Fotografia e videoarte in mostra a Bergamo da Baco Arte Contemporanea e ALT Arte Lavoro Territorio

‘Ha scritto Roland Barthes ne La camera chiara che la fotografia ha sempre delle zone di mistero che non vediamo subito ma intuiamo’ racconta Mauro Zanchi, curatore della mostra ‘Lo specchio concavo’ insieme a Sara Benaglia. È proprio quest’affermazione che lo ha ispirato nell’allestimento di una doppia esposizione di circa 40 fotografie e video di artiste donne che suggeriscono un possibile viaggio nella realtà vista attraverso lo sguardo femminile.

Incluse in mostra ci sono opere degli anni ’60 e ’70 di artiste come Anna Maria Maiolino, che nelle sue performance denunciava le prevaricazione degli uomini sulla donne (famosa l’immagine che la ritrae con la madre e la nonna con un filo che le lega l’una all’altra) fino ad opere recenti, come quelle di Fatma Bucak, artista curda, la cui condizione di cittadina di uno stato non riconosciuto si riflette in opere liriche che esprimono l’idea di ‘terra di mezzo’. Un altro esempio è la palestinese Emily Jacir, che fotografa le vetrine dei negozi come hanno fatto prima di lei Eugène Atget o Luigi Ghirri, ma lascia intravvedere elementi che rimandano al conflitto tra Israele e Palestina, come i proiettili nelle vetrine, creando un corto circuito tra quello che avviene fuori e il desiderio di tranquillità all’interno.

Accanto a queste artiste, ce ne sono altre che riflettono sul proprio corpo o sull’idea di confine tra noi stessi e gli altri. Per esempio, l’opera di Dana Hoey mostra un nudo femminile che si rifà all’iconografia classica, sdraiato però in una sala conferenze di un’azienda, innescando una riflessione sulle dinamiche del mondo del lavoro in cui, nonostante tanti sforzi per cambiare lo stato delle cose, la donna viene ancora vista spesso come un corpo da possedere. Arriva alle stesse conclusioni la femminista inglese Jemima Stehli, che si fotografa mentre si spoglia davanti a critici d’arte e curatori dei musei.
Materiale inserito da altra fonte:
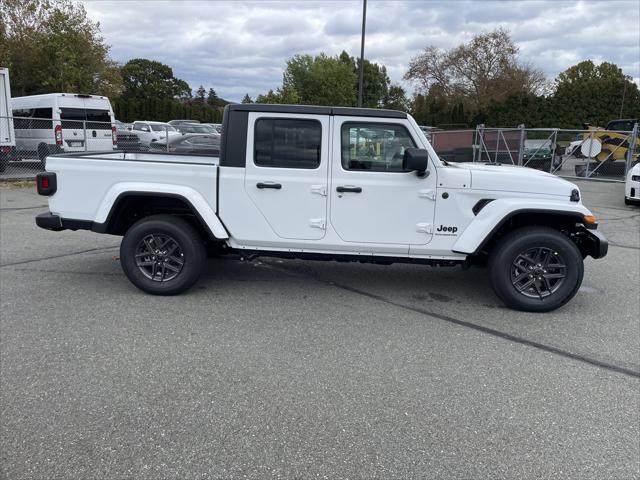2025 Jeep Gladiator GLADIATOR SPORT S 4X4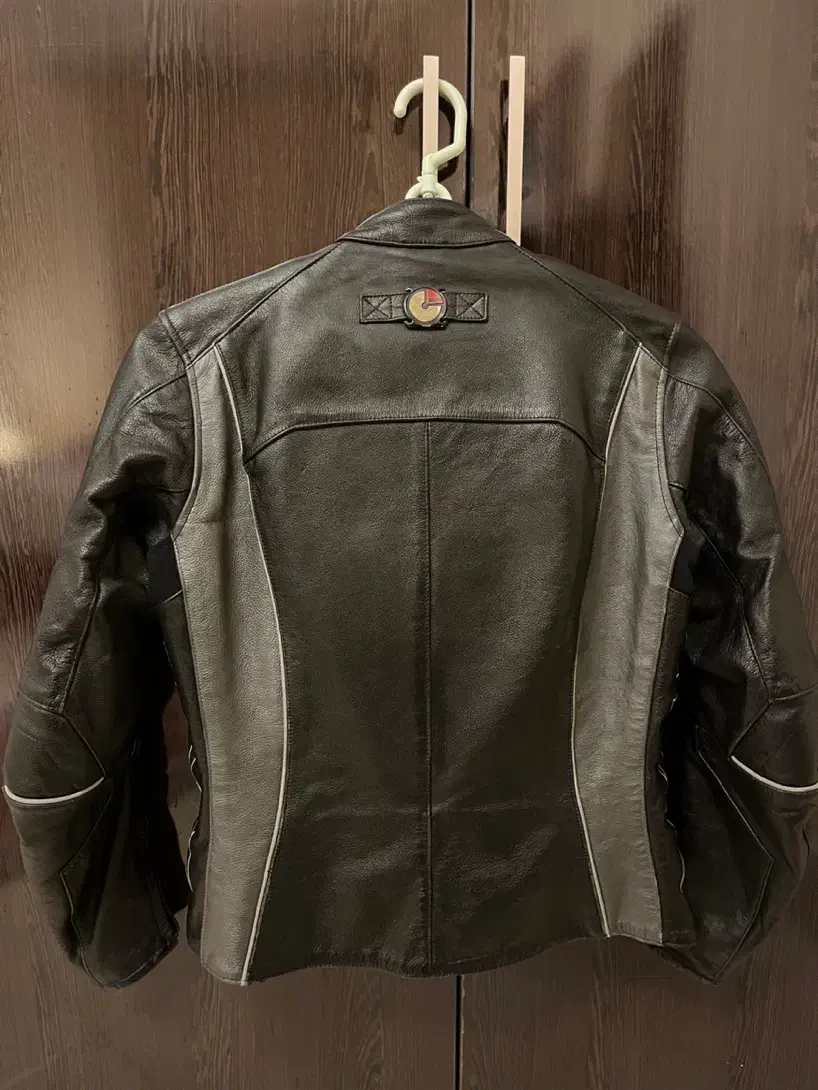 کاپشن و شلوار چرم موتور سواری|لباس|بندرعباس, |دیوار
Il titolo della mostra, Lo specchio concavo, rimanda a diversi significati: ‘Da un lato era il simbolo delle femministe degli anni 70, perché contestava l’idea che la donna fosse stata fatta a specchio dell’uomo proponendone, invece, un’immagine ribaltata’ spiega il curatore Mauro Zanchi. ‘Dall’altra è un riferimento alla fotografia, alla camera oscura, e al funzionamento del nostro occhio. Ma è stato usato anche come un’arma da Archimede per bruciare le navi che stavano assaltando la città di Siracusa, mentre gli sciamani lo utilizzavano per acuire le loro facoltà di chiaroveggenza e telepatia. La stessa telepatia che un’artista come Barbara Hammer cercava di sviluppare per non utilizzare il linguaggio, divenuto predominio del mondo maschile.

Lo specchio concavo, in mostra a Bergamo da Baco Arte Contemporanea fino al 27 novembre e da ALT Arte Lavoro e Territorio fino al 31 dicembre.